Well, that person laughed a great deal at this show, which is clever and very well performed, if a bit long, which is not coincidentally how I feel at a good Brecht production. And knowing anything about Brecht certainly can't hurt when you're seeing The Deepest Play Ever. The actors inhabit a makeshift world of anti-realistic props and a set that functions much like a spice drawer: a large assortment of items that can be used and then discarded. Oh, and zombies are the cinnamon.

The prop, set, and puppet designs by Deb O. are creative in and of themselves, but their foundation in Brecht's world makes them function in a fantastically Brechtian fashion.
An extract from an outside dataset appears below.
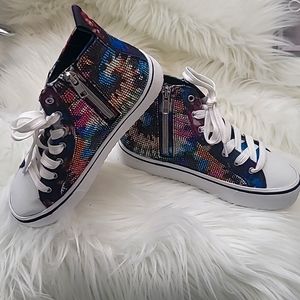 Sneakers Big Girls Steve Madden JShake Tie dye Size 2 Steve Madden (New w/o box)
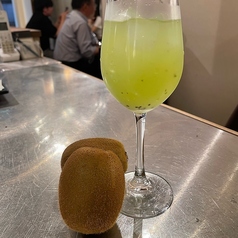 つぶつぶキウイサングリア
Every time we see someone use a foot as a gun or a duct tape covered cutting board used as a book, we are reminded of the meta-function of the play.

Of course, this entire concept would be null and void if the play had not been equipped with a strong cast who could all act, sing, and dance. The cast of ten Brecht types consists of Time as Narrator (Phillip Taratula), Mother LaMadre (Chinasa Ogbuagu), Swiss Cheese (TJ Witham), KitKat (Boo Killebrew), Golden Calf/Crocothemis/Warwick (Nick Choksi), Quinapalos/Zachary (Jordan Barbour), Night/Henrietta/Phoebe/Persephone/Cassandra (Carly Cioffi), Dalvador Sali (Geoffrey Decas O'Donnell), Yvette LaGuerre (Emily Walton), and Mephistopheles (John Halbach). Every actor in this cast is a pleasure to watch, which is why I believe that this show could be enjoyable to someone who's never heard of Brecht before.

As the actors go through the scenes of what is described as the first play of an 800 play cycle, they speak the titles of the scenes to the audience, change the set themselves, step in and out of their characters, sing, dance, and make ironic jokes about the fate of their characters. Lee Sunday Evans and Jordan Seavey have directed the piece well, making sure that all of elements flow together, like Michael Wells' music and Evans' choreography.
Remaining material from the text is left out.